The former ministers found themselves in political wilderness following the removal of Mugabe from office in November 2017.
Goche was fired for hobnobbing with former vice-president Joice Mujuru in 2013 and has not held a senior position since then.
Former Primary and Secondary Education minister Lazarus Dokora and ex-Finance deputy minister Terrence Mukupe also made a comeback into the central committee.
Dokora was booted out in 2018.
Other members who made it into the central committee include party secretary for legal affairs Paul Mangwana, Matabeleland South Provincial Affairs minister Abednico Ncube and former Harare Provincial Affairs minister Miriam Chikukwa, who were appointed into the central committee by Mnangagwa.
Businessman James Makamba, Edgar Mbwembwe and lawyer Jonathan Samkange also made the list.
Mnangagwa also extended an olive branch to other former senior Zanu PF members to re-join the former liberation movement.
“Party structures must never block people from joining and re-joining the party for personal interests,” he said in his closing remarks yesterday.
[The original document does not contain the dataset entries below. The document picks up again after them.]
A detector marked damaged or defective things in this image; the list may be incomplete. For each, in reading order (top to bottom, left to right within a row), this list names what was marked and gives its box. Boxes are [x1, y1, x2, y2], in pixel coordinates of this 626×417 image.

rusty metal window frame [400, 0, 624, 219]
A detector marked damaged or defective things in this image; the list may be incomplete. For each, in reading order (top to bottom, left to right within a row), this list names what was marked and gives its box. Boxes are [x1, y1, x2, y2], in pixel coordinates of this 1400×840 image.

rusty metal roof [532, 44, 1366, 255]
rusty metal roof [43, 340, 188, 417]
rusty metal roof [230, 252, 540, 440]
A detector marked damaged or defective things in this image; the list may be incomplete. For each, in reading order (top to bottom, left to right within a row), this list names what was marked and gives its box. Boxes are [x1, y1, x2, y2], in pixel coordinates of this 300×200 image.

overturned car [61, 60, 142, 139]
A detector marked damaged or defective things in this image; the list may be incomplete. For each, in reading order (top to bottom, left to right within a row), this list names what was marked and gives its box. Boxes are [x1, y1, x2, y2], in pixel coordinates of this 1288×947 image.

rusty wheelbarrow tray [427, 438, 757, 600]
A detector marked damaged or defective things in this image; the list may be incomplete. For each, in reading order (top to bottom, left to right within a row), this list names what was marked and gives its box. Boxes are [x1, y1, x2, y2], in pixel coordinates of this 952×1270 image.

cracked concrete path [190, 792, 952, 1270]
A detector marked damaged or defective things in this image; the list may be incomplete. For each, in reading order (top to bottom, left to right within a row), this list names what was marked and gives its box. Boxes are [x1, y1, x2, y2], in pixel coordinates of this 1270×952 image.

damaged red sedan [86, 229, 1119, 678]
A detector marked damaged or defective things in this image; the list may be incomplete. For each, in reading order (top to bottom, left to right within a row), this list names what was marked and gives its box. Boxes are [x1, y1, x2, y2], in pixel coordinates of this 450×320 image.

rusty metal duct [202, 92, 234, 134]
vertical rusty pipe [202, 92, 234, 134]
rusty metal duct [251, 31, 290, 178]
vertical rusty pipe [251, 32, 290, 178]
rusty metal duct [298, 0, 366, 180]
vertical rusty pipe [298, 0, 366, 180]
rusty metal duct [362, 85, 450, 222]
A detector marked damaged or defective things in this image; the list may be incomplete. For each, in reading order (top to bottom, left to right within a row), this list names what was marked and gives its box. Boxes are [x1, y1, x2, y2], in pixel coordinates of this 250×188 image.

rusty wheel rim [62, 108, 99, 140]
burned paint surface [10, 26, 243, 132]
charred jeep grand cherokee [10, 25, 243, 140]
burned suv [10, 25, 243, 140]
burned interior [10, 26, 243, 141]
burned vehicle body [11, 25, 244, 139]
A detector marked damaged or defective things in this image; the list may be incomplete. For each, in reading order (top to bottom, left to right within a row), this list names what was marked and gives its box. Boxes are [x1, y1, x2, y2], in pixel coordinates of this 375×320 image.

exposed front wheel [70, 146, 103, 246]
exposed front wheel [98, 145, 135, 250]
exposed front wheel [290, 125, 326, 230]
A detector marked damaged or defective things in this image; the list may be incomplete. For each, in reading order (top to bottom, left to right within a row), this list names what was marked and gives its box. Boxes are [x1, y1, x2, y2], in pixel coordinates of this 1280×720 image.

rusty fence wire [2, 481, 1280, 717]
“Party structures and leadership at every level must resist the temptation to close any individuals or group of persons from coming into Zanu PF on the basis of preferences or even preservation of a few, or that if he enters he will take my position.
“Rejecting others is not the Zanu PF way. Instead our structures must make our membership base stronger and broader by accepting more and more people into the party.”
He added: “Zanu PF is for the founders, dead and alive, the current generation and the coming generation.
“It was handed to us alive and we must also hand it over alive.
“The Chitepo School of Ideology must continue imparting ideology to all party members.
“You are more important in the party if you have ideology than if you have money.”
Mnangagwa also appointed the leader of Zanu (Ndonga) Wilson Khumbula into the all-powerful Zanu PF central committee as he eyes the Chipinge vote in the 2023 elections.
Zanu (Ndonga), formed by the late Ndabaningi Sithole after he was forced out of Zanu PF, draws its support from largely the Ndau populated district of Chipinge where Zanu PF has struggled to make inroads for years.
Sithole was the founding president of Zimbabwe African National Union (Zanu) in 1963.
He was later deposed in a palace coup engineered by Mugabe who accused him of denouncing the liberation struggle during a court trial in 1975.
In August, Mnangagwa posthumously conferred national hero status on Sithole to pacify the Chipinge electorate and win votes.
A gala to celebrate Sithole is also on the cards.
The wife of the late Zanla guerrilla army commander Josiah Tongogara, Angeline is also now a member of the central committee.
Zanla was the military wing of Zanu during the armed struggle.